Proprio l’accento sui centri commerciali come riferimenti territoriali è posto da Giuseppe Roma, segretario generale Rur (Rete urbana delle rappresentanze), perché, afferma, «nella frammentazione del corpo sociale che ci lasciano gli anni della crisi, la visione economicistica non è più valida: i comportamenti sono più importanti della dimensione strutturale e i gruppi sociali vanno oltre il reddito. Oggi 15 milioni di italiani fanno acquisti sul web, ma il centro commerciale è sostanzialmente un web di mattoni, e la vera forza nei confronti del negozio di vicinato consiste proprio nella fruizione di touch spending: toccare i prodotti prima di comprarli. A ben guardare non è vero che il web ci allontana dal punto vendita».

Quanto al rapporto centro-periferia, Roma afferma che dei 30 milioni di abitanti dei contenitori metropolitani, che cresceranno a 33 milioni nel 2030, l’83% vive in periferia e il centro commerciale è un riferimento per le periferie. Ed è il presidio territoriale che va valorizzato in termini di maggiore sicurezza, di maggiore legalità, di maggiore contributo alla base fiscale dei comuni. «Il centro commerciale – sostiene Roma – deve esaltare le sue funzioni nelle periferie, sviluppando altre attività. Aggiungendo funzioni che esaltano la socializzazione», anche sondando nuovi territori, dando spazio alle start up, al coworking. Tutto ciò ne migliora l’immagine in senso generale. Ricordiamoci che il tema territoriale è il tema del futuro». Le possibilità per trasformare la folla in pubblico sono le più svariate, volendo superare l’idea dell’evento legato al semplice intrattenimento con il cantante di turno, alzando il tiro su eventi di tipo culturale, letterario, teatrale, scientifico, cinematografico e, perché no artistico, con esposizione delle tante opere d’arte che soggiornano impolverate nei magazzini dei tanti musei italiani.
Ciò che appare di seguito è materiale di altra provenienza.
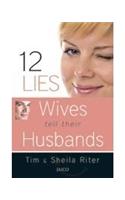 12 Lies Wives Tell Their Husbands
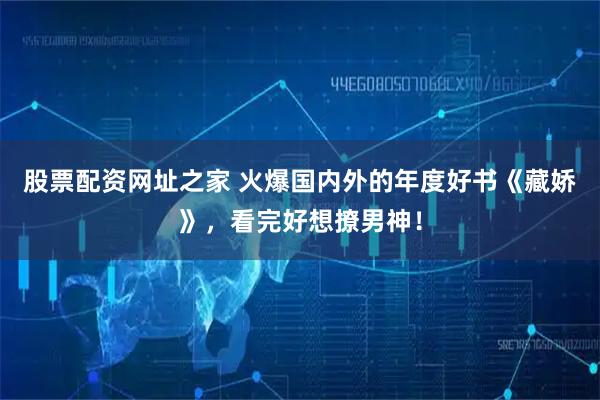 股票配资网址之家 火爆国内外的年度好书《藏娇》，看完好想撩男神！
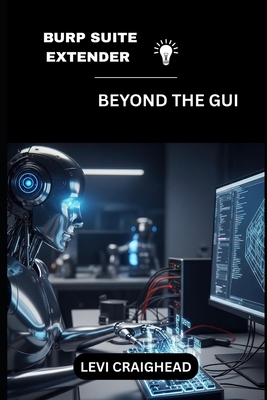 Burp Suite Extender: Beyond The GUI-cover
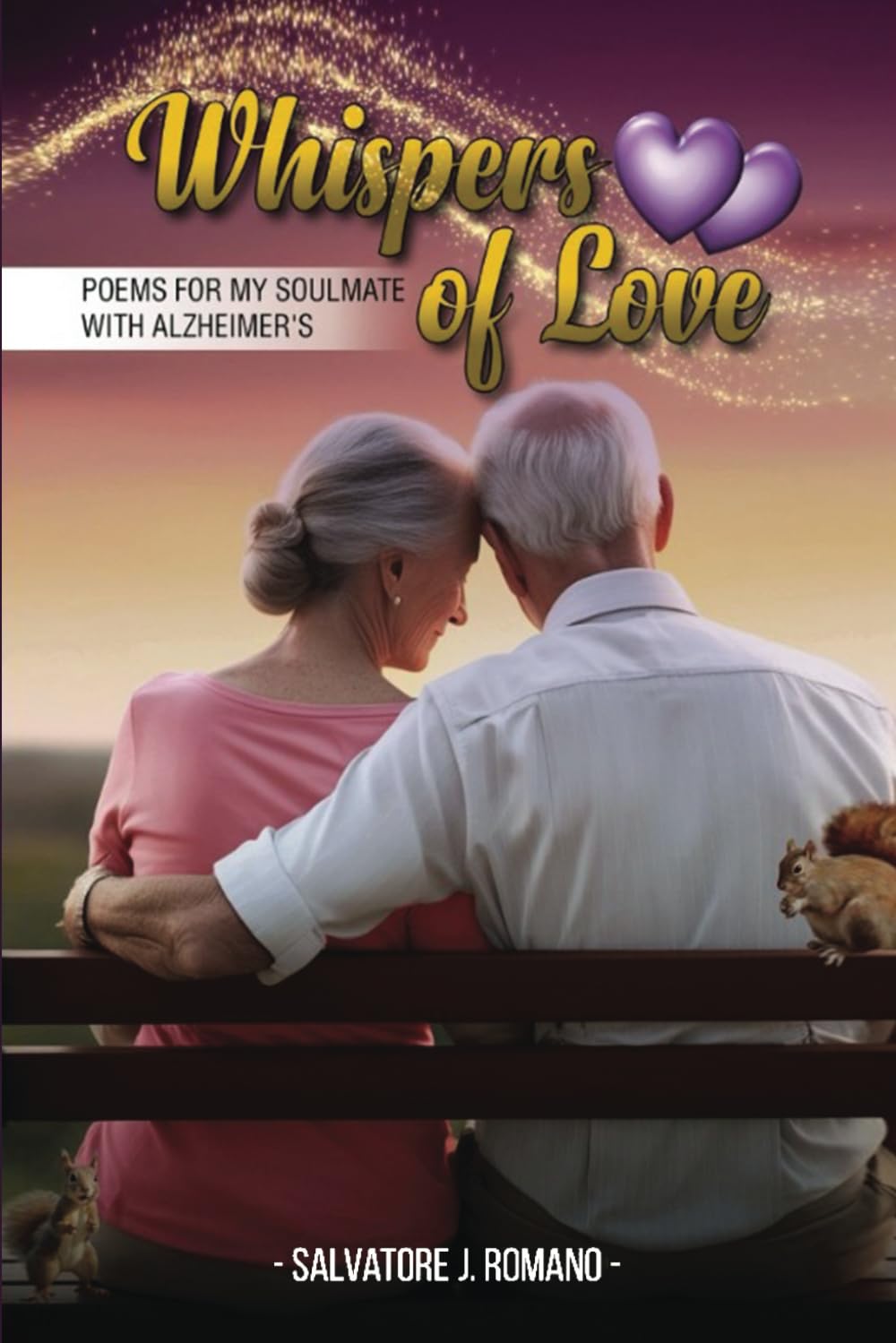 Whispers Of Love: Poems for my soulmate with Alzheimer's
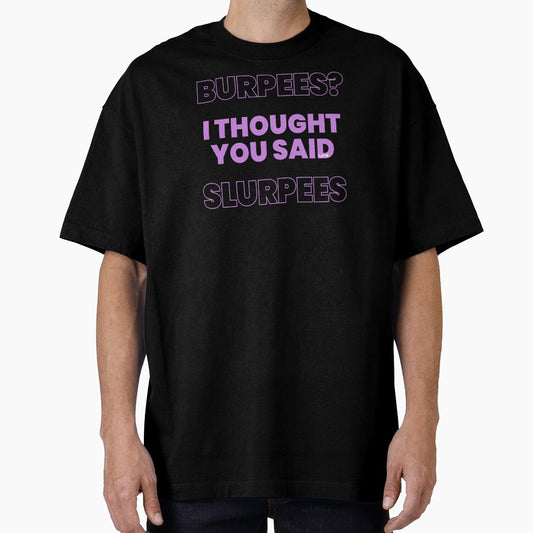 Burpees I Thought You Said Slurpees by Capturetees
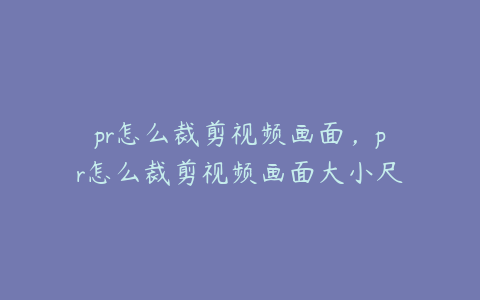 pr怎么裁剪视频画面,pr怎么裁剪视频画面大小尺寸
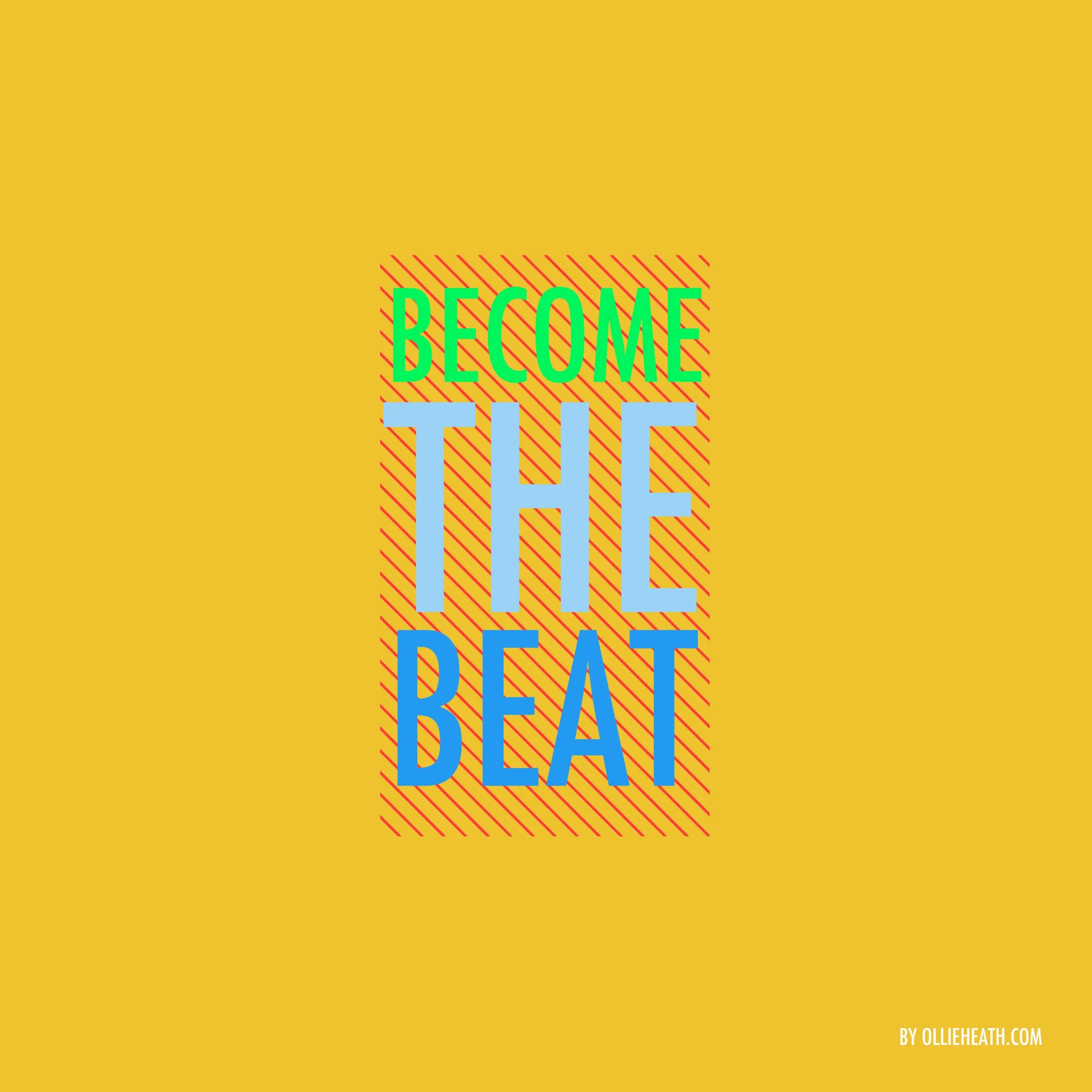 Become The Beat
Bastano queste argomentazioni per ridare lustro ai centri commerciali? Certamente sul piatto del nuovo corso vi sono temi come l’uso del territorio e la sostenibilità delle scelte architettoniche ed energetico-ambientali. E se su quest’ultimo tema probabilmente molta strada è ancora da percorrere, l’uso del territorio, inteso come riqualificazione di aree urbane o industriali dismesse all’interno dei reticoli urbani è entrato ormai nelle pratiche delle realizzazioni più recenti, portate a compimento spesso dopo qualche decennio dall’inizio dei progetti.
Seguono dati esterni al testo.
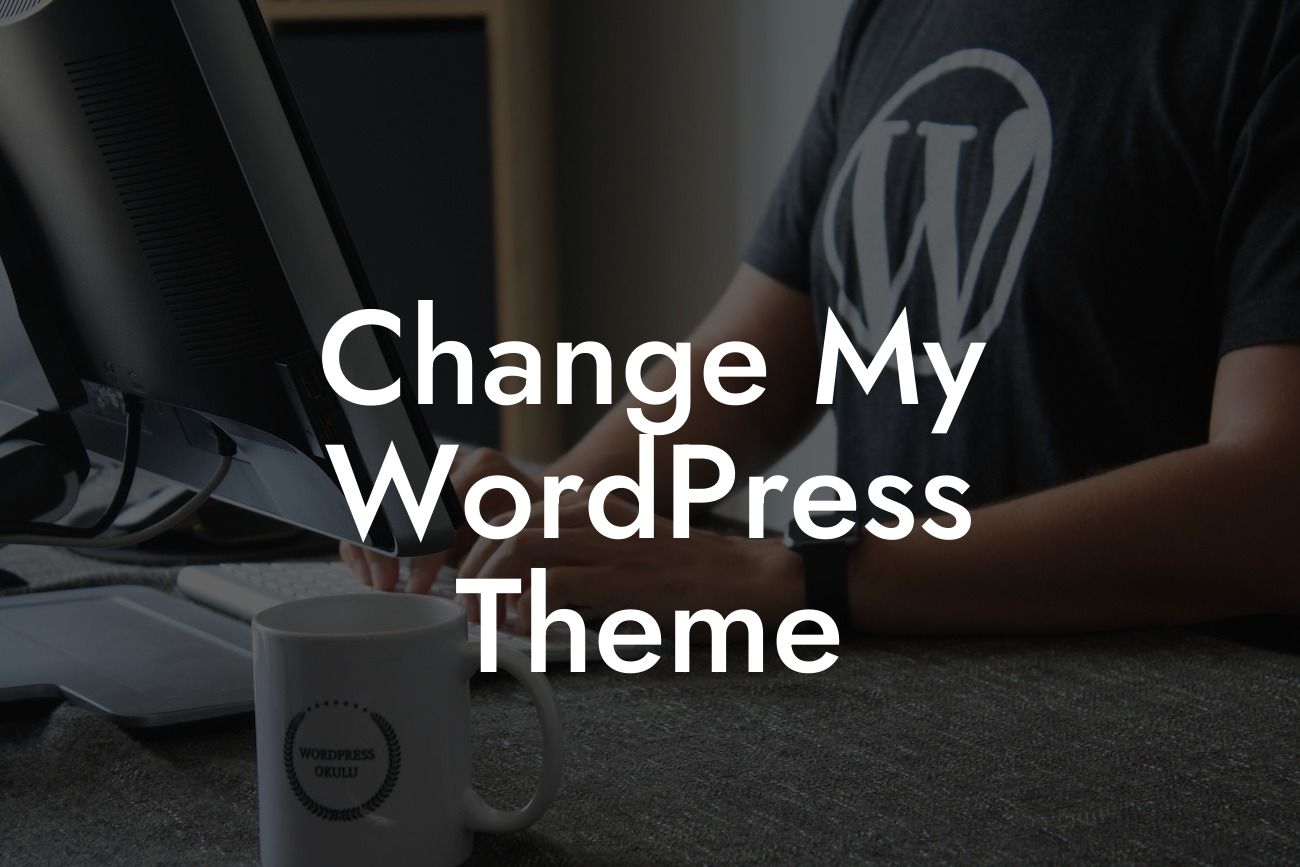 Change My WordPress Theme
Alleato importante è la pubblica amministrazione, ma Pasquale De Sena, dell’Anci Lombardia, denuncia che il groviglio di regole nazionali, regionali e comunali non aiuta nemmeno il pubblico amministratore a muoversi con adeguatezza, anche a causa della mancanza di disponibilità di fondi: «Ormai noi come comuni siamo dei semplici esattori, per quanto riguarda l’Imu, per esempio. E spesso gli oneri di urbanizzazione invece che essere impiegati per gli investimenti vengono spesso utilizzati dai comuni per eliminare o ridurre il deficit della parte corrente del bilancio. Va poi aggiunto che i centri commerciali hanno contribuito in minima parte alla desertificazione commerciale: molte attività si sono trasferite per il caro affitti e per l’elevata imposizione commerciale», spiega De Sena, che fa l’esempio dei distretti del commercio in Lombardia che vanno a vantaggio proprio dei negozi di vicinato.
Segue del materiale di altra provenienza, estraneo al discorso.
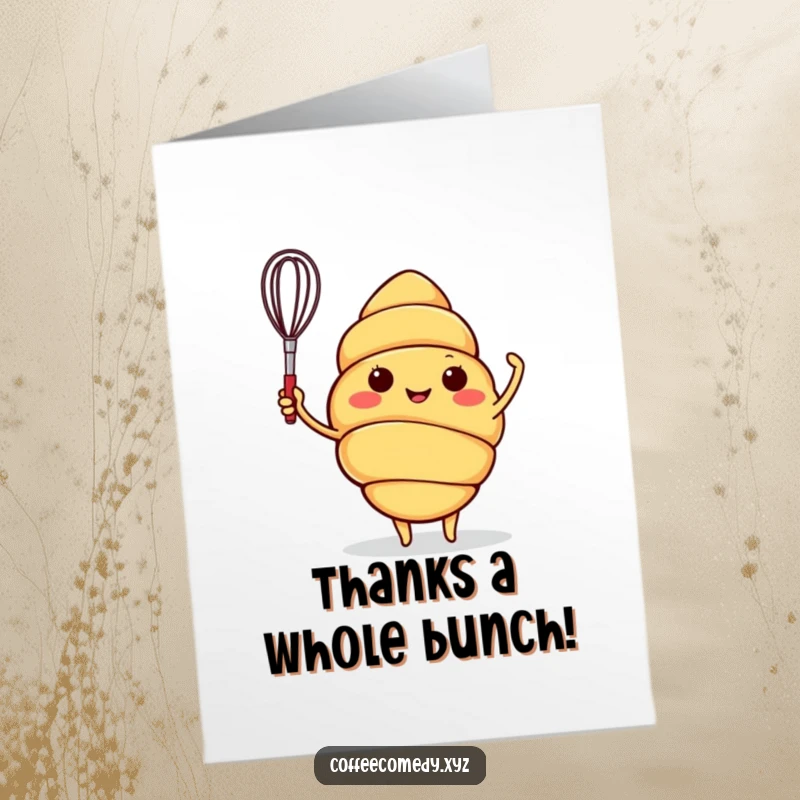 Funny Free Printable Thank You Card: A cheerful croissant character enthusiastically waves a tiny whisk, expressing heartfelt thanks.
«È necessario guardare alla varietà delle cose – esorta Roma – non alla manutenzione dei luoghi comuni e si coglie nei centri commerciali l’interesse a diversificare i modelli iniziali verso un orizzonte migliore».

Ed è proprio con questo intento che il Cncc intende promuovere un progetto di ricerca su base europea per mettere a fuoco l’interazione tra centro commerciale e realtà esterne, non tanto sul piano economico, ma analizzando le ricadute sociali generali che oggi sono poco indagate.